-- Material for this exercise follows --

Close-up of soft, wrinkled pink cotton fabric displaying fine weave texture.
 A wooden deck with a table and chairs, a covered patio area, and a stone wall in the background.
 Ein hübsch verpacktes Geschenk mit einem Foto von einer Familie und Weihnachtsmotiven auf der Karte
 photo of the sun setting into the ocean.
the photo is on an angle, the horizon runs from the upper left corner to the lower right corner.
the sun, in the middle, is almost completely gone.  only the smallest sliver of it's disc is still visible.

-- Material for this exercise concluded --
-- Material for this exercise follows --

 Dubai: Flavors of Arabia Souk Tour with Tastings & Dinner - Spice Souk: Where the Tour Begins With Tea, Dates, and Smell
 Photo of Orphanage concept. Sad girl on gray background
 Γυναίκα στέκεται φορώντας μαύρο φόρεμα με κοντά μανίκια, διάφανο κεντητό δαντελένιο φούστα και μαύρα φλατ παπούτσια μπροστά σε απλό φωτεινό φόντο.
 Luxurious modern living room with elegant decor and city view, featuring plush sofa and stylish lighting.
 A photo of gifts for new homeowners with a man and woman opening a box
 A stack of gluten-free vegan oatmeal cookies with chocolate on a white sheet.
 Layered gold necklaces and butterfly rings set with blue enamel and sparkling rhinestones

-- Material for this exercise concluded --

Description of the task: Keep only those lines of the records that hold "background", and return them.

Solved problem:
 A wooden deck with a table and chairs, a covered patio area, and a stone wall in the background.
 Photo of Orphanage concept. Sad girl on gray background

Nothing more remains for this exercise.